Holi is a festival of colours celebrated in spring season. It is an ancient Hindu religious festival and also sometimes called as festival of love.
It is primarily celebrated in India, Nepal, and other regions of the world primarily among the people of Indian origin. The festival is also celebrated in parts of Europe and North America as a spring celebration of love, frolic and colours. The festival is celebrated with enthusiasm and gaiety on the last full moon day of the lunar month Phalguna (February/March).
The festival has a religious purpose also, symbolically signified by the legend of Holika. One night before Holi, Holika bonfires are lit which is known as Holika Dahan (burning of Holika). People gather near fires, dance and sing songs of this festival. On the next day, Holi, also known as Dhuli in Sanskrit, or Dhulheti, Dhulandi or Dhulendi, is celebrated. The celebration starts the carnival of colours, where everyone plays, chases and colours each other with dry powder color and coloured water.
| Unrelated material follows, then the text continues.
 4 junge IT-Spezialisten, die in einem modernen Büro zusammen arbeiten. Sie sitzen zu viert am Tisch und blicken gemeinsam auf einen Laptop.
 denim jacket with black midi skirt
Some people carry water guns and coloured water-filled balloons and throw at others and color them. Children and youth spray coloured water solutions (Gulal) at each other while elders smear dry coloured powder (Abir) on each other's face. Visitors to homes are first teased with colours, then served with Holi delicacies, desserts and drinks.
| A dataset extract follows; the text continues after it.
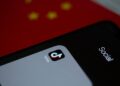 Graphic showing a smartphone with the Bitchat app logo and a backdrop of China's flag.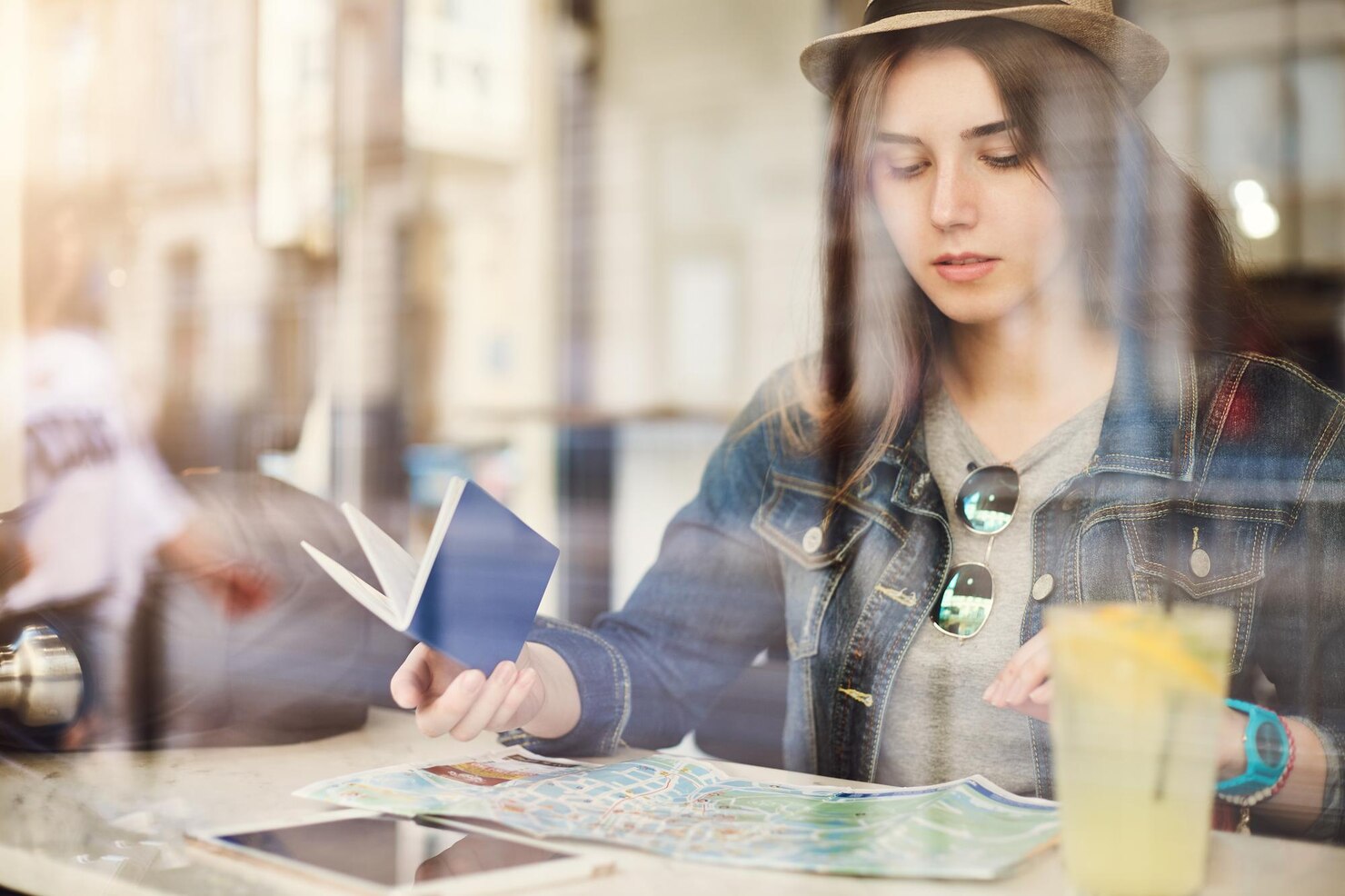 tourist-sitting-cafe-reading-map-holding-passport-drinking-lemonade-busy-city-shot-through-glass_197531-30768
The festival also signifies the arrival of spring with the end of winter. For many people it brings a time to meet others and forget and forgive the animosity and repair the ruptured relationships by ending the conflicts and accumulated emotional impurities from the past.
Like Holika Dahan, Kama Dahanam is celebrated in some parts of India. The festival of colours in these parts is called Rangapanchami, and occurs on fifth day after Panchami (full moon).